India’s gold loan industry is entering a structurally significant expansion phase, and the next leg of growth is no longer being driven by metropolitan India. Instead, Tier 2 and Tier 3 cities are emerging as the primary engines of incremental demand in secured retail credit. What was once considered a peripheral geography is now central to the industry’s forward trajectory. The shift is visible across regulatory data, rating agency commentary, borrower behaviour trends, and regional economic patterns.
Gold Loans Are Growing Faster Than Retail Credit
Recent data from the Reserve Bank of India (RBI) indicates that credit against gold jewellery has been expanding materially faster than overall retail lending. While aggregate retail credit growth has moderated to the mid-teens, gold loans have recorded year-on-year growth exceeding 30% in multiple months across FY24 and FY25.
First, the domestic gold prices have appreciated substantially over the past year, and this has increased the borrowing base. The gold prices have a direct positive impact on loan eligibility as per the loan-to-value ratios.
Second, the risk weights in unsecured retail loans have increased, and this has led to a shift in the preference of both lenders and borrowers towards secured loans.
Third, the borrowers are being more cautious in their borrowing decisions, and they are showing a preference for collateralized borrowing due to the changing macroeconomic conditions.
It is significant to note that the 75% LTV ratio imposed by the RBI has been providing a cushion against systemic instability, and this has been preventing leverage from becoming excessive even when gold prices become volatile.

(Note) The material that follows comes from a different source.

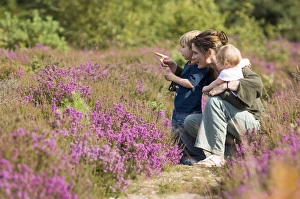 Mother and kids on heath in summer Norfolk UK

The Under Monetised Gold Opportunity
India remains one of the largest private holders of gold globally. Estimates from the World Gold Council suggest Indian households hold more than 25,000 tonnes of gold.
Yet the organised gold loan market is estimated at roughly ₹4–5 lakh crore implying that only a small fraction of household gold stock is monetised through formal lending channels.
A substantial share of household gold ownership is concentrated in semi urban and rural India, where physical assets remain the dominant store of wealth. In these regions, gold functions not merely as ornamentation but as a financial buffer a reserve asset that can be mobilised during liquidity needs.
Regional Credit Rebalancing Is Underway
Gold loan is particularly well aligned to the financial rhythms of smaller cities and semi urban markets, where business cycles are seasonal and liquidity needs are immediate.
In contrast to the credit penetration in metropolitan India, where the credit market is already relatively deep and the level of competition between banks and NBFCs is high, Tier 2 and Tier 3 cities are structurally underpenetrated secured credit markets. Financial inclusion has improved substantially in the last decade, but access to formal, collateralized liquidity is still limited compared to economic activity in these areas.
Gold loan NBFCs and gold loan specialists have thus increased their branch presence disproportionately in non-metro areas. Industry data shows that a large share of new branch additions in the last two years has been in semi-urban and rural geographies rather than Tier 1 cities. This reflects both higher marginal demand and higher customer stickiness in these geographies.
Importantly, metro markets are approaching maturity in terms of gold loan penetration.
The local economies in these regions are driven by trading activities, small manufacturing units, Agri-linked businesses, and small family-owned businesses. The working capital needs are short term and seasonal. Gold loans, with loan cycles measured in hours, not days, are specifically designed for such liquidity patterns.
Operational Barriers Create Competitive Advantage
Gold loan business is vastly different from retail unsecured lending. It requires operational expertise and physical infrastructure, such as branch level purity testing, safe vault management, collateral management. Gold loans sit at a unique intersection combining embedded household wealth with immediate liquidity demand. And that intersection is most pronounced in Tier 2 and Tier 3 India.
The next phase of gold loan growth will be shaped less by metropolitan demand and more by the expanding economic momentum of Tier 2 and Tier 3 India. With high household gold ownership, rising formalisation, and growing liquidity needs, these regions are becoming the natural epicentre of secured credit expansion. As India’s growth broadens geographically, gold loans are set to follow firmly anchored beyond the metros.